Work task
Would you repeat the listing exactly, without any of its images?

Dataset section
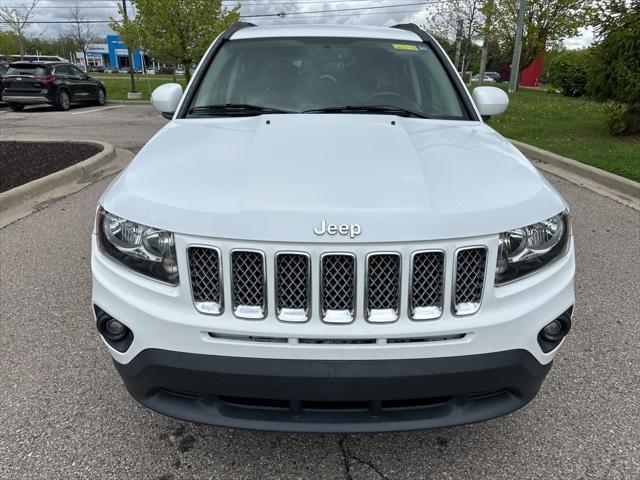 used 2016 Jeep Compass car, priced at $8,995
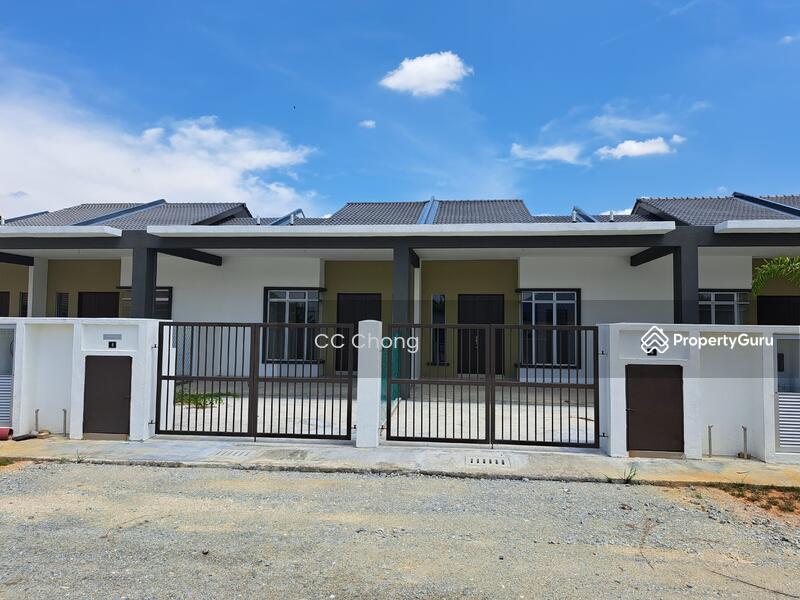Rumah Teres untuk Dijual di Kampung Batu 9 Kebun Baru (Telok Panglima Garang) - CC Chong - PropertyGuru.com.my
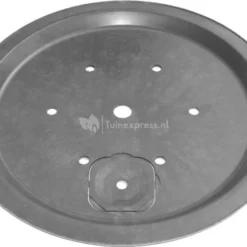 Afdekplaat HD Voor Fonteinvijver Rond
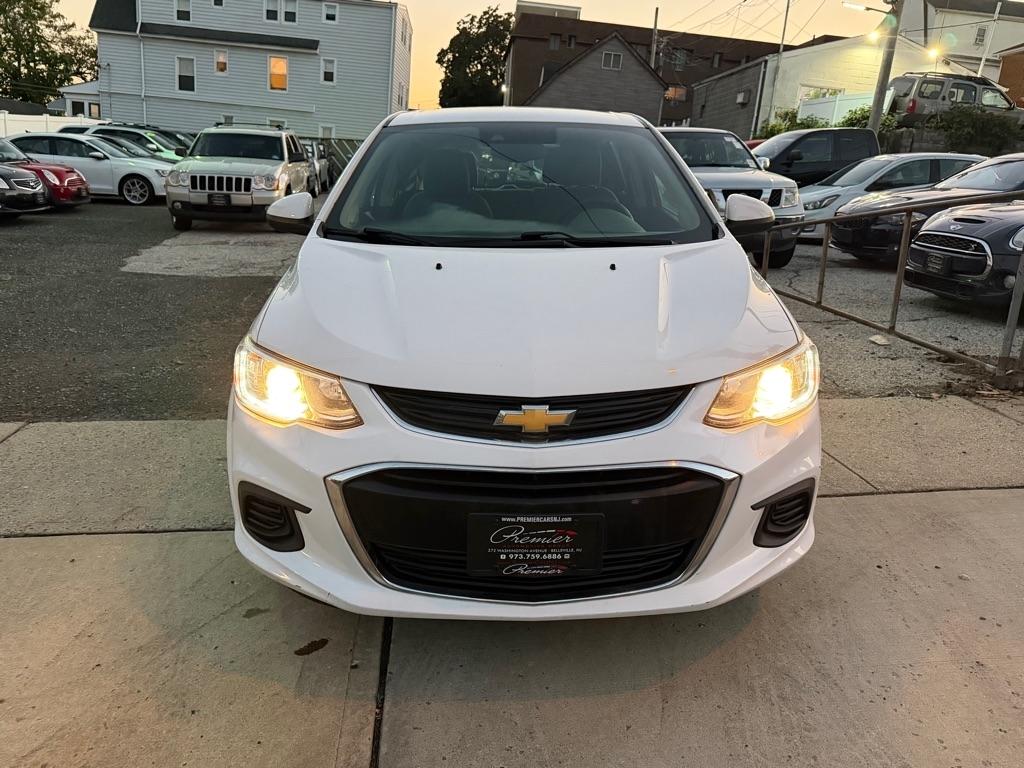 Chevrolet Sonic 5dr HB Auto LT w/1FL 2019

Written reply
 used 2016 Jeep Compass car, priced at $8,995
Rumah Teres untuk Dijual di Kampung Batu 9 Kebun Baru (Telok Panglima Garang) - CC Chong - PropertyGuru.com.my
 Afdekplaat HD Voor Fonteinvijver Rond
 Chevrolet Sonic 5dr HB Auto LT w/1FL 2019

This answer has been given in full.